Let us begin with a small example: we want to find a longest common subsequence between GAC and AGCAT:

x = collect("GAC");
y = collect("AGCAT");

Let's build the $L$ array. For the sake of the example, we'll initially fill it with $(-1)$ in order to indicate which values haven't been computed yet. The init_buffer(x,y) function simply initiaizes a buffer matrix L of the appropriate size, while init_length!(L) takes a matrix and fills its first row and first column with zeros. We also define a display helper function, which shows a pretty representation of the $L$ array.

init_buffer(x, y) = Matrix{Int}(undef, 1 + length(x), 1 + length(y))

function init_lengths!(L)
    L[:, 1] .= 0
    return L[1, :] .= 0
end

using PrettyTables
function display(L, x, y)
    return pretty_table(
        hcat(['∅', x...], L);
        header = [' ', '∅', y...],
        formatters = (v, i, j) -> v == -1 ? "" : v,
    )
end

L = fill!(init_buffer(x, y), -1)
init_lengths!(L)
display(L, x, y)

┌───┬───┬───┬───┬───┬───┬───┐
│   │ ∅ │ A │ G │ C │ A │ T │
├───┼───┼───┼───┼───┼───┼───┤
│ ∅ │ 0 │ 0 │ 0 │ 0 │ 0 │ 0 │
│ G │ 0 │   │   │   │   │   │
│ A │ 0 │   │   │   │   │   │
│ C │ 0 │   │   │   │   │   │
└───┴───┴───┴───┴───┴───┴───┘

The fill_lengths! function then allows filling other rows. By default it will fill the entire array, but for the sake of the example we restrict it here to a subset of the rows and/or the columns.
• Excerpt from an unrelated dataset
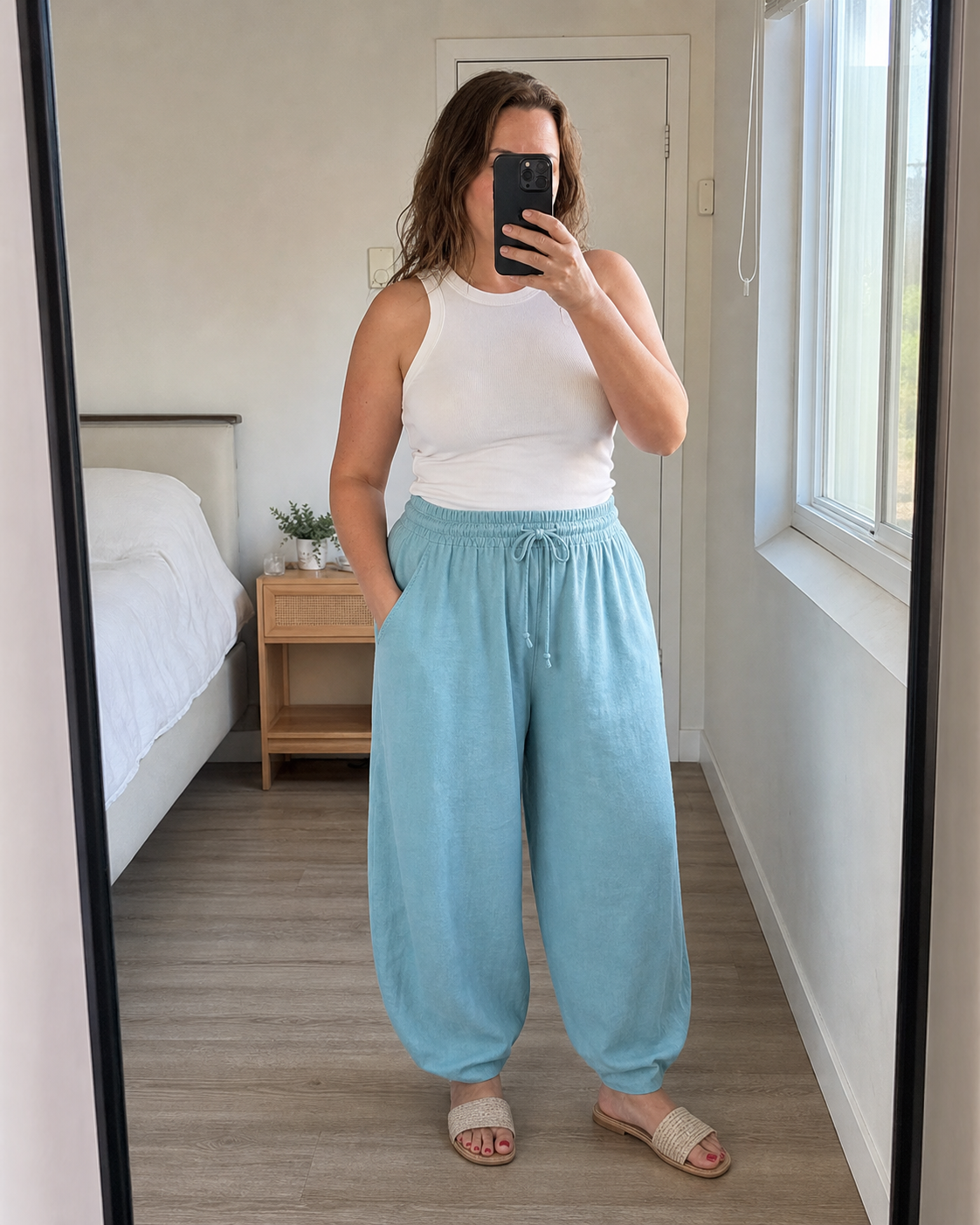 Midsize model wearing aqua-blue linen-blend wide-leg palazzo pants in a bedroom mirror scene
function fill_lengths!(L, x, y, ir = eachindex(x), jr = eachindex(y))
    @inbounds for j in jr, i in ir
        L[i+1, j+1] = (x[i] == y[j]) ? L[i, j] + 1 : max(L[i+1, j], L[i, j+1])
    end
end

fill_lengths!(L, x, y, 1:1)
display(L, x, y)

┌───┬───┬───┬───┬───┬───┬───┐
│   │ ∅ │ A │ G │ C │ A │ T │
├───┼───┼───┼───┼───┼───┼───┤
│ ∅ │ 0 │ 0 │ 0 │ 0 │ 0 │ 0 │
│ G │ 0 │ 0 │ 1 │ 1 │ 1 │ 1 │
│ A │ 0 │   │   │   │   │   │
│ C │ 0 │   │   │   │   │   │
└───┴───┴───┴───┴───┴───┴───┘

After the first row has been filled, we see that $L_{1,1} = 0$ because we can't extract any common subsequence from the first characters in $X$ (G) and $Y$ (A). However, $L_{1,2}=1$ because the first character of $X$ (G) matches the second character of $Y$ (which is also G). In turn this causes all other $L_{1,j}$ values to be equal to 1.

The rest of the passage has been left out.